There are many who feel like this kind of cloud-based set-up is where personal computing is heading. I happen to be one of them. But I do still think it's a little ways off. Most consumers just aren't ready to make the leap to a device that has no hard drive and no wallpaper - and that uses the web for everything. Despite the fact that technology has advanced to a place where this kind of machine is possible, the public is on a learning curve. It might take a while for them to find comfort with a computer this - light.
Don't forget how many shrugged shoulders Apple saw when they released the Macbook Air. People simply didn't understand a new laptop that had no CD/DVD drive or any real hard drive space to speak of. Yet a few years later, it's selling quite well, thank you very much.

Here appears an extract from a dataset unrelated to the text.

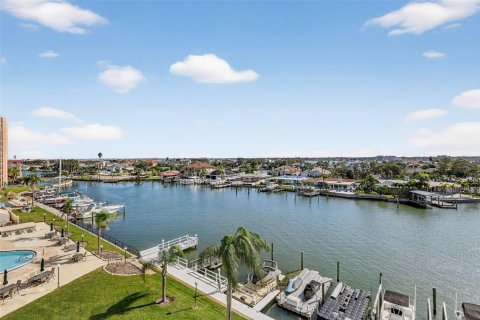 Copropriété à vendre à Clearwater, Floride: 2 chambres, 120.31 m2 № 2130730 - photo 3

So don't let the naysayers convince you that Chrome Book can't sell. It can. It may have an uphill climb--as does any product that first needs to educate the public about a problem before then selling them the solution--but it can sell. Macbook Air, tablet devices, and even smart phones are all increasing in usage and popularity, teaching the public little by little that they don't need local memory or disc drives - teaching them to rely on browser-based utilities whether or not they even know that's what they're learning.
Why The Video Ad Works
Which brings me back to the Google video. If they just released the Chrome Book without a simple explanation marketing piece, the public probably wouldn't see it as something new - it might get lost in a sea of other laptops - it looks just like a laptop, after all.
And Chrome Book is about more than selling devices. Google is trying to usher in a bit of revolution for personal computing. And when you consider how many Google services stand to benefit from a public shift to the cloud - YouTube, Docs, Calendar, the just-announced music storage service - you can see why they'd be interested in taking the time to educate them.
And their first ad out of the gate is a fantastic one.. one that educates while simultaneously entertaining. It won't single handedly win the marketing battle and make Chrome Book an instant success, but it'll help a great deal.